◆ TASK INSTRUCTIONS:
Nothing but an exact copy of the listing should appear in the response.

◆ TASK INPUT:
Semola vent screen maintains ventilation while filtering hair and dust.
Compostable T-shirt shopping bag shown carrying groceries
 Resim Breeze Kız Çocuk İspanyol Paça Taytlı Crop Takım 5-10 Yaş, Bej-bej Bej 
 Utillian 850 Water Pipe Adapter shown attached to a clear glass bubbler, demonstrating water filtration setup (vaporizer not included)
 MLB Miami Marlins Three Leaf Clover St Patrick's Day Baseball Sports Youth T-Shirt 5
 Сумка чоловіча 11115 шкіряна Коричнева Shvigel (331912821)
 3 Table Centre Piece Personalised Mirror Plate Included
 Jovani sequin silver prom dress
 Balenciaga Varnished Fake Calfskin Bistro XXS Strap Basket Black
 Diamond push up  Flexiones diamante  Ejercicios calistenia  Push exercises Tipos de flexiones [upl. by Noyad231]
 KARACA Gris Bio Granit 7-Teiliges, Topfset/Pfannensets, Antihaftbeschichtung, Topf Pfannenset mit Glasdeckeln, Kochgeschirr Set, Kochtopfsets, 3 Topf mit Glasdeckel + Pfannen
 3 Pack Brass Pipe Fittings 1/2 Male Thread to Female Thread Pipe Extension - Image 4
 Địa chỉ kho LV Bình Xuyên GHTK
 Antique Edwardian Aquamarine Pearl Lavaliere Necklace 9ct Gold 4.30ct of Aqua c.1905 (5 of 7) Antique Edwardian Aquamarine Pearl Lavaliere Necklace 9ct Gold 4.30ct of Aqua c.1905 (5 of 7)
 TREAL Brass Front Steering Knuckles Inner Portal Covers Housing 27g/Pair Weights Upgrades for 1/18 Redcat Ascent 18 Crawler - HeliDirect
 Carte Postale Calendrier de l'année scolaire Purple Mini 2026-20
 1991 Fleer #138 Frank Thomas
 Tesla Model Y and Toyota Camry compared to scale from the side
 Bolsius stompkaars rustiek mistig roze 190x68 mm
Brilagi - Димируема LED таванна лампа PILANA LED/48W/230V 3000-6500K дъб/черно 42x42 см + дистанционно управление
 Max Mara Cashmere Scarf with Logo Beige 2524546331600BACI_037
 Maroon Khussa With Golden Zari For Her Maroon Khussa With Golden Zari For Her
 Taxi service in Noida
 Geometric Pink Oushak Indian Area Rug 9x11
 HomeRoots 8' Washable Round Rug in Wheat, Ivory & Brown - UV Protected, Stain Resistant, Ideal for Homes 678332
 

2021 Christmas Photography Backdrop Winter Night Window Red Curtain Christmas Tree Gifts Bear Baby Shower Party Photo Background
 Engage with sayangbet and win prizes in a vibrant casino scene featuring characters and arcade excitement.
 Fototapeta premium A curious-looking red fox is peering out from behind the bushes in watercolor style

◆ EXPECTED ANSWER:
Semola vent screen maintains ventilation while filtering hair and dust.
Compostable T-shirt shopping bag shown carrying groceries
 Resim Breeze Kız Çocuk İspanyol Paça Taytlı Crop Takım 5-10 Yaş, Bej-bej Bej 
 Utillian 850 Water Pipe Adapter shown attached to a clear glass bubbler, demonstrating water filtration setup (vaporizer not included)
 MLB Miami Marlins Three Leaf Clover St Patrick's Day Baseball Sports Youth T-Shirt 5
 Сумка чоловіча 11115 шкіряна Коричнева Shvigel (331912821)
 3 Table Centre Piece Personalised Mirror Plate Included
 Jovani sequin silver prom dress
 Balenciaga Varnished Fake Calfskin Bistro XXS Strap Basket Black
 Diamond push up  Flexiones diamante  Ejercicios calistenia  Push exercises Tipos de flexiones [upl. by Noyad231]
 KARACA Gris Bio Granit 7-Teiliges, Topfset/Pfannensets, Antihaftbeschichtung, Topf Pfannenset mit Glasdeckeln, Kochgeschirr Set, Kochtopfsets, 3 Topf mit Glasdeckel + Pfannen
 3 Pack Brass Pipe Fittings 1/2 Male Thread to Female Thread Pipe Extension - Image 4
 Địa chỉ kho LV Bình Xuyên GHTK
 Antique Edwardian Aquamarine Pearl Lavaliere Necklace 9ct Gold 4.30ct of Aqua c.1905 (5 of 7) Antique Edwardian Aquamarine Pearl Lavaliere Necklace 9ct Gold 4.30ct of Aqua c.1905 (5 of 7)
 TREAL Brass Front Steering Knuckles Inner Portal Covers Housing 27g/Pair Weights Upgrades for 1/18 Redcat Ascent 18 Crawler - HeliDirect
 Carte Postale Calendrier de l'année scolaire Purple Mini 2026-20
 1991 Fleer #138 Frank Thomas
 Tesla Model Y and Toyota Camry compared to scale from the side
 Bolsius stompkaars rustiek mistig roze 190x68 mm
Brilagi - Димируема LED таванна лампа PILANA LED/48W/230V 3000-6500K дъб/черно 42x42 см + дистанционно управление
 Max Mara Cashmere Scarf with Logo Beige 2524546331600BACI_037
 Maroon Khussa With Golden Zari For Her Maroon Khussa With Golden Zari For Her
 Taxi service in Noida
 Geometric Pink Oushak Indian Area Rug 9x11
 HomeRoots 8' Washable Round Rug in Wheat, Ivory & Brown - UV Protected, Stain Resistant, Ideal for Homes 678332
 

2021 Christmas Photography Backdrop Winter Night Window Red Curtain Christmas Tree Gifts Bear Baby Shower Party Photo Background
 Engage with sayangbet and win prizes in a vibrant casino scene featuring characters and arcade excitement.
 Fototapeta premium A curious-looking red fox is peering out from behind the bushes in watercolor style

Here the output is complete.